Ritual Washing, Mindfulness, and New Beginnings (Exodus 30:17-21)
In this verse, part of the parasha called Ki Tisa, Moses is commanded to make a brass pedestal and washing tub in which to place the water with which Aharon, his sons, and their decendants will wash their hands and feet before prayer and sacrifice – “so that they die not”.
Why would they be risking death were they not to wash? Perhaps the meaning is related to spiritual death, not physical death. Perhaps people need to prepare themselves mentally before they engage in a spiritual task and the washing provides a means for “mindfulness”, for focusing on what they are about to do, emotionally and cognitively engaging before they actually begin the prayer and/or sacrifice.

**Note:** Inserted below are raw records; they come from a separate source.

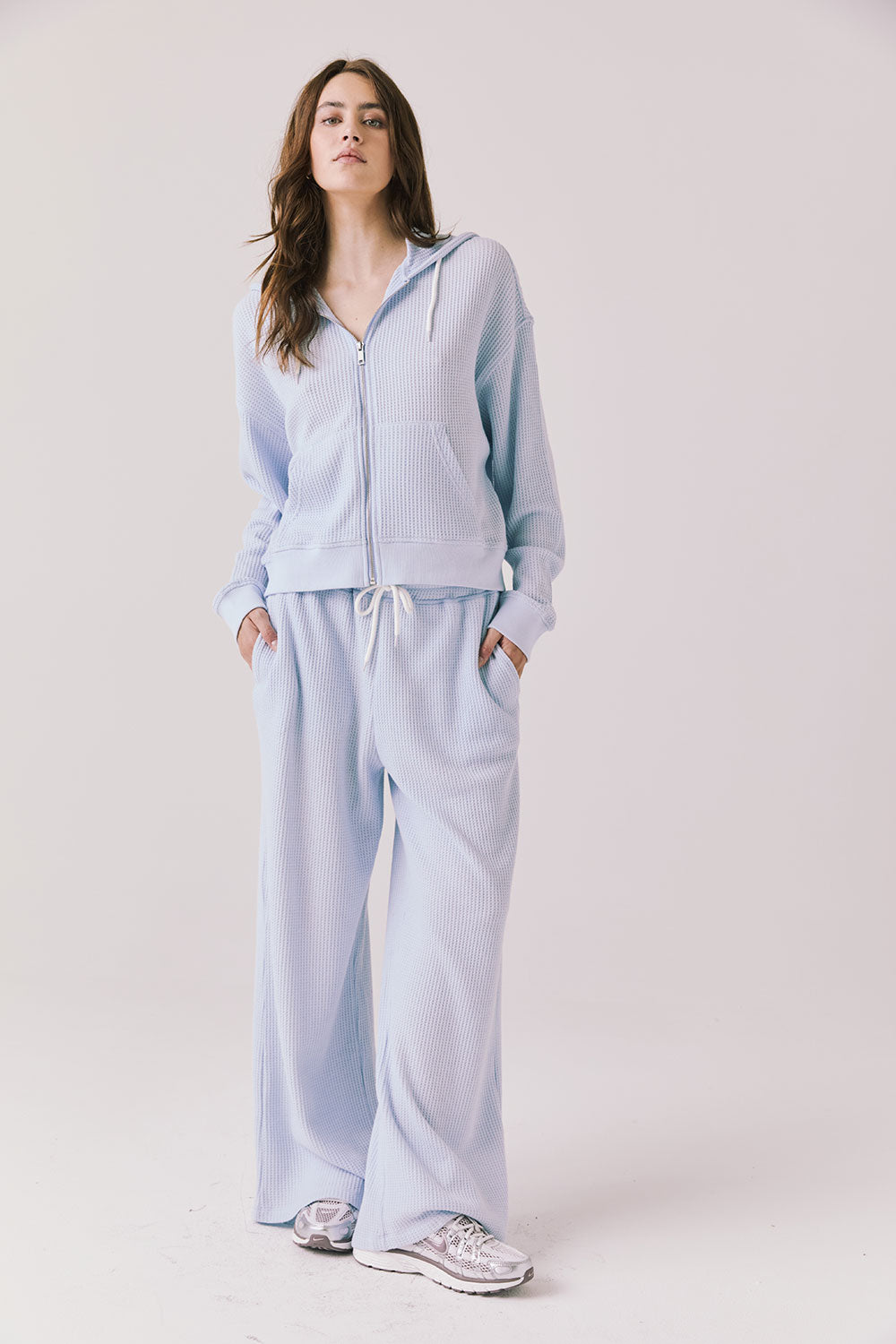 Woman wearing the Abilene Light Skyway Blue Zip Up Hoodie with matching pants on a white background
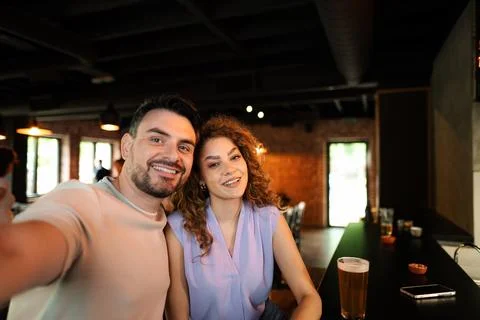 Happy couple taking selfie while drinking beer at the bar counter Stock Photos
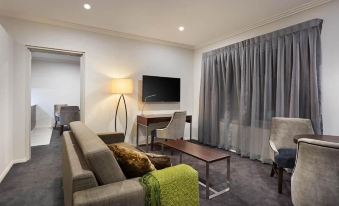 a modern living room with a couch , a chair , and a tv . also a dining table in the room at Attika Hotel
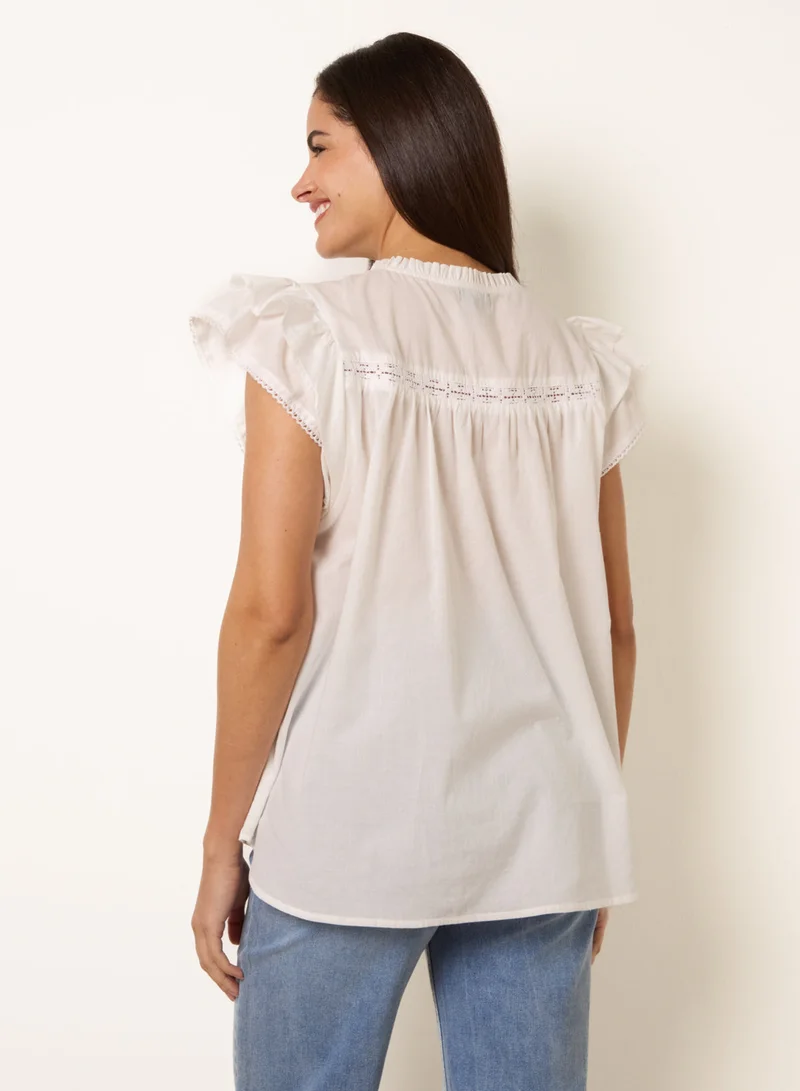 بلو فانيلا Cotton Embroidery Detail Ruffle Sleeve Top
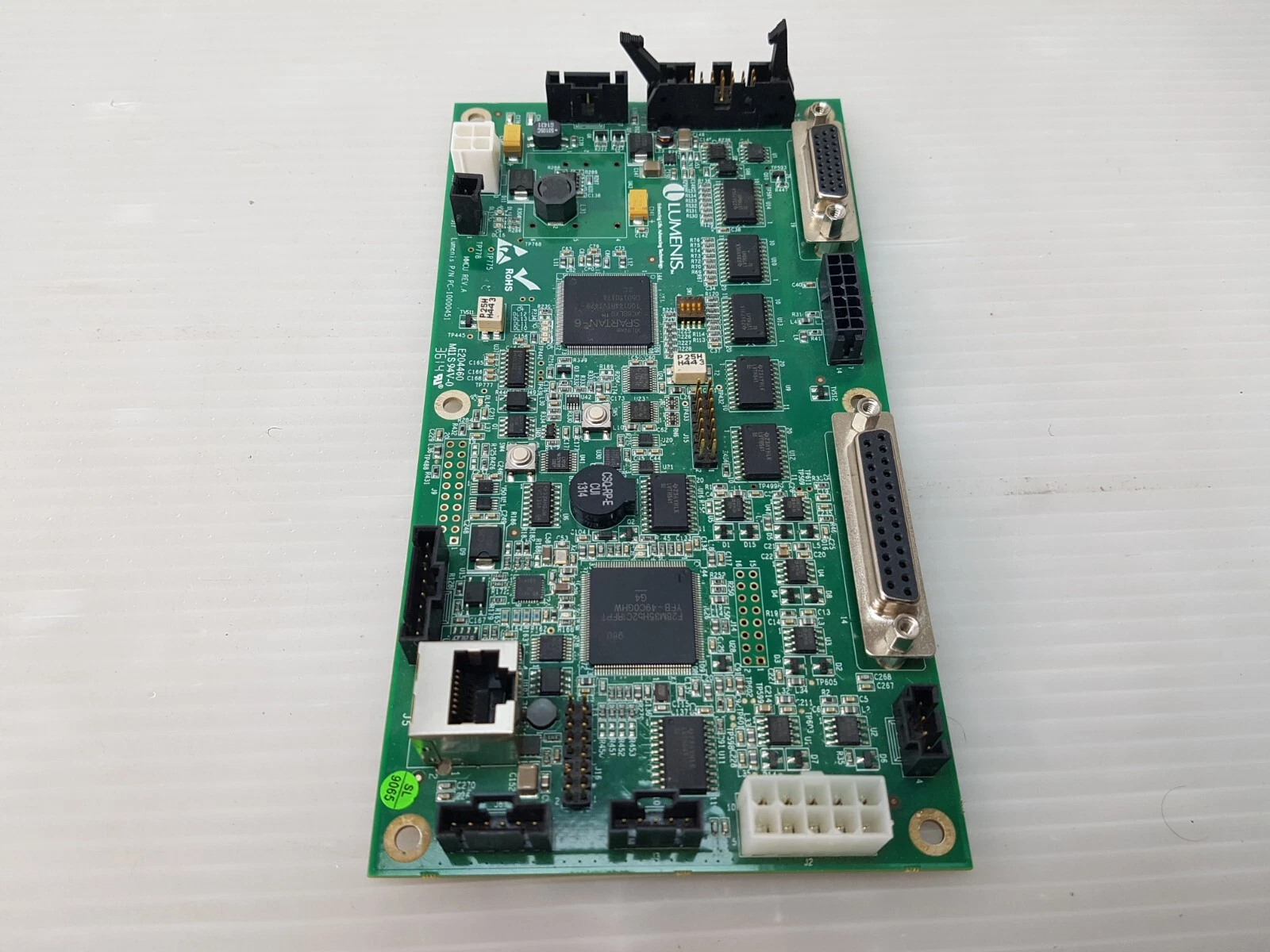 Lumenis PC-10000451 MMCU circuit board photographed lengthwise from above
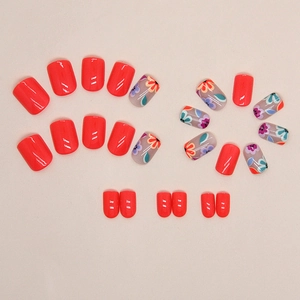 Glossy press-on nail kit with coral red and colorful floral hand-painted flower designs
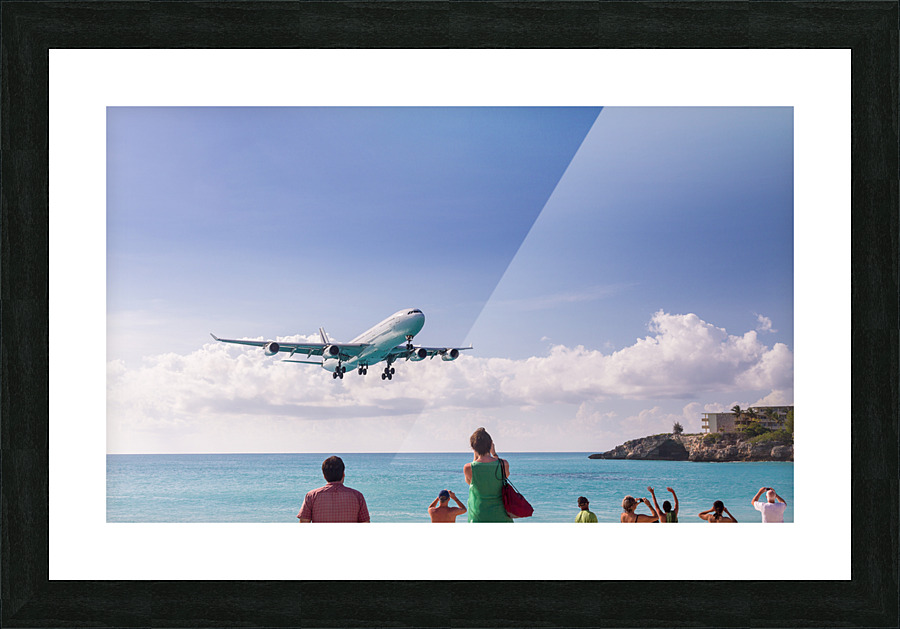 Airplane lands at Princess Juliana airport Picture Frame print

Being so totally engaged before beginning may allow them to connect immediately with the depths of spiritual experience that is to be had in prayer. The washing represents, perhaps, a physical boundary between “before prayer” and “in prayer” states of mind without which, there may be no “life”, no energy in the connection with the spirituality of the event.
Similarly, before making the blessing over the Sabbath challah, we wash our hands and then there is no talking until the bread has been blessed and tasted. Washing our hands separates us from others around us and provides a private little space within which we can each open up to the spirituality of the brief momentary experience of blessing and partaking of the challah.
This reminds me of other rituals we have – such as the bedtime rituals of children that help them to separate from the activities of the day and prepare themselves mentally for giving themselves over to sleep.
Alternatively, we use the term, “wash my hands” to mean separating from something or someone with negative influence over us: “I’ve washed my hands of that man!”, for example, meaning, “I’ve put him out of my life”. And here, in this sense, washing of hands seems similar to the religious Jews’ washing of hands upon waking every morning, to bring his or her soul back to the very fingertips after it had ventured out of the body during the night of sleep. In other words – cleaning out the spaces of “tumah”, impurity, within our bodies, our selves.
And perhaps this latter is also related to mindfulness – we wash to rid ourselves of impurities, whether these are impurities in the religious sense or the impurities that negatively affect our lives in the secular sense – the bad habit that we wash our hands of, the unhealthy relationship that we wash our hands of, etc.
Washing our hands of the “impurity” implies that we are mindful of the process of saying good-bye to that from which it is best that we part. We may have to repeatedly “wash our hands” before we are comfortable with the separation – and here we come back to the parasha: each time the Cohen is to approach the alter, he is to wash his hands (sorry, only men can do this in the Torah).
Each and every time. No matter how many times he approaches the altar, he is to wash his hands each time anew. In the same way, each time we renew our vow to ourselves to stay free of the unhealthy habit or person, we need to “wash our hands of it” again and again and again, until that habit or person is no longer “a place” that we visit. . . because we will have moved on in life to a new place.